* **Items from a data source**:
Segment Open
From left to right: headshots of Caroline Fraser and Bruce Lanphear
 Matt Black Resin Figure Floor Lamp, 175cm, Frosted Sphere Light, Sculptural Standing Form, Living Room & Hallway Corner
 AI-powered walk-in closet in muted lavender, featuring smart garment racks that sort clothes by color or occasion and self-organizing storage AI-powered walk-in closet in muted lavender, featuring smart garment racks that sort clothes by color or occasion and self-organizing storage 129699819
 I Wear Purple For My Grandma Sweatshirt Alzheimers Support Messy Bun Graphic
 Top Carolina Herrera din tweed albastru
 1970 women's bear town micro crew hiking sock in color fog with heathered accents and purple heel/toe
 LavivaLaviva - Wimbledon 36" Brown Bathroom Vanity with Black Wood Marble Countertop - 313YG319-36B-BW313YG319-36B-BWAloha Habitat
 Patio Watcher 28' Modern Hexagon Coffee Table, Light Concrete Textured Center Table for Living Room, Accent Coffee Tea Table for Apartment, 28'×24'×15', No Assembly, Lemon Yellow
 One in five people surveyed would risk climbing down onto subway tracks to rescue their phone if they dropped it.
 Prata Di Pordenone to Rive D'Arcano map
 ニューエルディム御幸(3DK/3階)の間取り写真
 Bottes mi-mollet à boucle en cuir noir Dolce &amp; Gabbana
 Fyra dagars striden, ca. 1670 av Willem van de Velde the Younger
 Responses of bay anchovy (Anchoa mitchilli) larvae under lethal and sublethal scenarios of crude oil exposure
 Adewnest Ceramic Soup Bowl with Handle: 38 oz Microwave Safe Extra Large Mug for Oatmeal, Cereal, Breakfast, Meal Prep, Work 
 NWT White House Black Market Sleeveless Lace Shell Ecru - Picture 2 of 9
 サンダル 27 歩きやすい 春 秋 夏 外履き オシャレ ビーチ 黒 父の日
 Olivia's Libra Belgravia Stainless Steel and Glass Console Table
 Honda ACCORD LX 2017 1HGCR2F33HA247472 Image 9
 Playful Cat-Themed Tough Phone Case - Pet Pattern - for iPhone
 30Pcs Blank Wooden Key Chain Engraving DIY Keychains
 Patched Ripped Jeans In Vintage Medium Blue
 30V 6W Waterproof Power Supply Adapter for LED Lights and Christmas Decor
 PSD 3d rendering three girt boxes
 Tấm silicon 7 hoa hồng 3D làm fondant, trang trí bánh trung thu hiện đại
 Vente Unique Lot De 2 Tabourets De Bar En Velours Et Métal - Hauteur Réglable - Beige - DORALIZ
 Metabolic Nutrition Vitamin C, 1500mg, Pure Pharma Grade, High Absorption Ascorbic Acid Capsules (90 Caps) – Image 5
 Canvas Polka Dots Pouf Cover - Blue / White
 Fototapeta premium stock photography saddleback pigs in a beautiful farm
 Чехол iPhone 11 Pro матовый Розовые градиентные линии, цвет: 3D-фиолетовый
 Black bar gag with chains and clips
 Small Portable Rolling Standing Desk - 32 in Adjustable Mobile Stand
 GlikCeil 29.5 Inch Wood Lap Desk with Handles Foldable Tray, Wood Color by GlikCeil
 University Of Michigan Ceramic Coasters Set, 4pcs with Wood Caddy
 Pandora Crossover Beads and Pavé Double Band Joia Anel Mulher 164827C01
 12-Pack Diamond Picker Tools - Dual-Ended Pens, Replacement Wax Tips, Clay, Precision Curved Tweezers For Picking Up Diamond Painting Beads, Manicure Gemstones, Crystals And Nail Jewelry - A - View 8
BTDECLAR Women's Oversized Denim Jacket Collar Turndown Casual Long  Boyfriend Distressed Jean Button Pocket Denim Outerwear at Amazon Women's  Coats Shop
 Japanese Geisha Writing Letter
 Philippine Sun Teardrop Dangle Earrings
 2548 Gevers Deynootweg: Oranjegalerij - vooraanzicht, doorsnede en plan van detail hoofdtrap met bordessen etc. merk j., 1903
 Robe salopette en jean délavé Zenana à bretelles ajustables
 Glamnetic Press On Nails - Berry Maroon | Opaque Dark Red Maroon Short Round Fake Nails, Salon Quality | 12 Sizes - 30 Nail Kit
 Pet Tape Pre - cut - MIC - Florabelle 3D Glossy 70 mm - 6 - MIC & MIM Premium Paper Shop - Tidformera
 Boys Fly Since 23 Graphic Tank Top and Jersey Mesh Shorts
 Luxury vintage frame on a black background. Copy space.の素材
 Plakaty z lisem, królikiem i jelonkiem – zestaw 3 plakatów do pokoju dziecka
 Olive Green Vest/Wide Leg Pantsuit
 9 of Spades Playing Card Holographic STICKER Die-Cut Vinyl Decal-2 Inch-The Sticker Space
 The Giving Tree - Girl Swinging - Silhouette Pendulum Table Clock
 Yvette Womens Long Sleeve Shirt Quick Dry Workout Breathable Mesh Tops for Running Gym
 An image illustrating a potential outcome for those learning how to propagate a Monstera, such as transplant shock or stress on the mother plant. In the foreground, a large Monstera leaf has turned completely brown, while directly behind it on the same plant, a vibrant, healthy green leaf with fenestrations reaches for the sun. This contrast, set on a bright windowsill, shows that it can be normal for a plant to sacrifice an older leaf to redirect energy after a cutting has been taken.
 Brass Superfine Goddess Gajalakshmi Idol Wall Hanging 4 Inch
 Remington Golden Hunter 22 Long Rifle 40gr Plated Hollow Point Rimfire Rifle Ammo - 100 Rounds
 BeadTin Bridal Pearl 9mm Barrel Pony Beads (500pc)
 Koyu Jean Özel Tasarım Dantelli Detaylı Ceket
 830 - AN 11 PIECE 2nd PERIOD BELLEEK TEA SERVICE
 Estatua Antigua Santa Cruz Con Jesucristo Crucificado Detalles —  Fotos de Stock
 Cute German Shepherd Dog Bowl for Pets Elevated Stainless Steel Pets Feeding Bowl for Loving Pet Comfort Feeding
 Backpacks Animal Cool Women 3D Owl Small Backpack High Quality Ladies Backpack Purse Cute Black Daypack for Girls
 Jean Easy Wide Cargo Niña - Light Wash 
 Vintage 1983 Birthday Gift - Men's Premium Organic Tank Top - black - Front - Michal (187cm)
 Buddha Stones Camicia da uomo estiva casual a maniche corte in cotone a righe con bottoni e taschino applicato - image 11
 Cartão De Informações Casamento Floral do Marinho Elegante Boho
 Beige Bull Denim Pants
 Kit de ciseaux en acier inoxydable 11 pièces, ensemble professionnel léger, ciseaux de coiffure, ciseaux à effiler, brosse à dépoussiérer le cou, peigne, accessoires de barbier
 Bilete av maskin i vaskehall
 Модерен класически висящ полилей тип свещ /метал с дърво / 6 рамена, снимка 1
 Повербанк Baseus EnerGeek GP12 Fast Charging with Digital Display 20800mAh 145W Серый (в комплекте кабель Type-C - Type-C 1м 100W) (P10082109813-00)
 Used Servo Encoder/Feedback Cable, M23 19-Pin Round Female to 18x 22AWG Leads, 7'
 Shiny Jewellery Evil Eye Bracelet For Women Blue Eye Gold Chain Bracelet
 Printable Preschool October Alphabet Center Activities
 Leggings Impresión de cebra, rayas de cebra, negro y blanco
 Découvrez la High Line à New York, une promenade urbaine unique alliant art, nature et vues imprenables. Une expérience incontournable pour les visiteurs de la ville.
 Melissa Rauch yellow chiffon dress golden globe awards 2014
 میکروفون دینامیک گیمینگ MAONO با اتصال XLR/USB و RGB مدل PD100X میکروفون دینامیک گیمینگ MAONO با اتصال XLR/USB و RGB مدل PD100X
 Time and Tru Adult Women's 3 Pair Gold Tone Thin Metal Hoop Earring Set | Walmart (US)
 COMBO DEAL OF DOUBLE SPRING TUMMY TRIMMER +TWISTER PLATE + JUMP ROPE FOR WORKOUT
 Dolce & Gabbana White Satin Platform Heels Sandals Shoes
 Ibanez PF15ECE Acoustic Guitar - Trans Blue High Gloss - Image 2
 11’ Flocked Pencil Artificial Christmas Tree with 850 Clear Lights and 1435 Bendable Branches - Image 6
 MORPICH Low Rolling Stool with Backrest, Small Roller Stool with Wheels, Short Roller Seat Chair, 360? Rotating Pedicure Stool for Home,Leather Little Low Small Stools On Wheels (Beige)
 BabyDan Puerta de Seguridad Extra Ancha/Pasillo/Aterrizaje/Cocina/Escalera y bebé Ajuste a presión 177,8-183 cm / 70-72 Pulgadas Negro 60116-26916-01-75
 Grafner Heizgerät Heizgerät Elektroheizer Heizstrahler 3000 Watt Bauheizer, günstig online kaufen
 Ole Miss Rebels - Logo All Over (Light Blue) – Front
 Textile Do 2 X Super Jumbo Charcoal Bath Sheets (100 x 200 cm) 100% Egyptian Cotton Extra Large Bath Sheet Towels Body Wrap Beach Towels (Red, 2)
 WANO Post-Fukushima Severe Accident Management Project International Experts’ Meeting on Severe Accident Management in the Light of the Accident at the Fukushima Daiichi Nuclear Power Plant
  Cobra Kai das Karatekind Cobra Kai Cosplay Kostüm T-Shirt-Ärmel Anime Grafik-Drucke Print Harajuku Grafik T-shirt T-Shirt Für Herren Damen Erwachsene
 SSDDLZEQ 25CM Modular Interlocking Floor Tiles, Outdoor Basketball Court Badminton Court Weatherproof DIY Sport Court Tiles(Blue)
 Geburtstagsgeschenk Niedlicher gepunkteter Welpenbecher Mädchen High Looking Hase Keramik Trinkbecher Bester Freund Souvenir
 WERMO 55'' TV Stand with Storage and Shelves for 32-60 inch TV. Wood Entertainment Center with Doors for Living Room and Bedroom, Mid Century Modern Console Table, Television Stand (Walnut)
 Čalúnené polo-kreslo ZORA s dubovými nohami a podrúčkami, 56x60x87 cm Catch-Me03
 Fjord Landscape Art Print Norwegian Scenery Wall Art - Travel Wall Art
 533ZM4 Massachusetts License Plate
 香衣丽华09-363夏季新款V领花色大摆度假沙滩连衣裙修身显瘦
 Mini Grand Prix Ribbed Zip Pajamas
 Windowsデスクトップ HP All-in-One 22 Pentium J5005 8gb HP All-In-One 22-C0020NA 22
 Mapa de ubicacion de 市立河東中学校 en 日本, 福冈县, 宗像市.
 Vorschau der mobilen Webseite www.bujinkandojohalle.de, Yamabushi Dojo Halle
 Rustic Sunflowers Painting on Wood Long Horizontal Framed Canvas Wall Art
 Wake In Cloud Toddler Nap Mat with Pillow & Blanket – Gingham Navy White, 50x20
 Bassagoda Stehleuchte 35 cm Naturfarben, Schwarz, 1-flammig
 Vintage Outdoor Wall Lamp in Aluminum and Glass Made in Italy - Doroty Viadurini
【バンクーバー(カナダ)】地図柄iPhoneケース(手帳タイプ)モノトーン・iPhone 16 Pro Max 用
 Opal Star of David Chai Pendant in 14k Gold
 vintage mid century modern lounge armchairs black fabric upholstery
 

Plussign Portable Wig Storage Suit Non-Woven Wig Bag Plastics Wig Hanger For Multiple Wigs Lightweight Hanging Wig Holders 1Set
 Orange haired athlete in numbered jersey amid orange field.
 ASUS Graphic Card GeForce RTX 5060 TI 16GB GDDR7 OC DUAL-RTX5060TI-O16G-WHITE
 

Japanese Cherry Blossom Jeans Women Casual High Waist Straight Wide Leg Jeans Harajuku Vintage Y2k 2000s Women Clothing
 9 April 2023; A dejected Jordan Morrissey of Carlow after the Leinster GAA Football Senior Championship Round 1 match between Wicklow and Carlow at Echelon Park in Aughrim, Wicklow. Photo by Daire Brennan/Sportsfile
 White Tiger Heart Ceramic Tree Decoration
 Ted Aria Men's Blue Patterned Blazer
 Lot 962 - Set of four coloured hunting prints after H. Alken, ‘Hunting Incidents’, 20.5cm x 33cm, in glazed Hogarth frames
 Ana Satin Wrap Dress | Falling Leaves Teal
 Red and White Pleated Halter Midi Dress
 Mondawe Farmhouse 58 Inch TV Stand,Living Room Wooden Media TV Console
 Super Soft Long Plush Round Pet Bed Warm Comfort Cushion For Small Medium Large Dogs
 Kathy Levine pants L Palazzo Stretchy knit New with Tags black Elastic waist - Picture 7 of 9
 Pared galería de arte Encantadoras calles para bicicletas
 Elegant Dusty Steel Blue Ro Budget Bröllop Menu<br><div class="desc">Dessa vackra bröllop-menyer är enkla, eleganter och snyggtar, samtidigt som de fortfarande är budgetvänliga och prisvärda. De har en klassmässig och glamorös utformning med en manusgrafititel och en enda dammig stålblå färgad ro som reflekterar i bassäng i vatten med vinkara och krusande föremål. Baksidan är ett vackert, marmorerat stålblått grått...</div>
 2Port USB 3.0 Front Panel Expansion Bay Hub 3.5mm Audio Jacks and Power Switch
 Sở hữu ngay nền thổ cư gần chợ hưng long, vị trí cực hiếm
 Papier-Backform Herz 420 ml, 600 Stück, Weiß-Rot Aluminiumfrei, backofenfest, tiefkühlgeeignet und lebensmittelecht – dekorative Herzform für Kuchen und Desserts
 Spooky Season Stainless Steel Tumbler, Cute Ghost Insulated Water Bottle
Segment Closed
* **Task objective**: Give the number of lines above that contain the word "Nail", with no other text.

* **Reply**: 2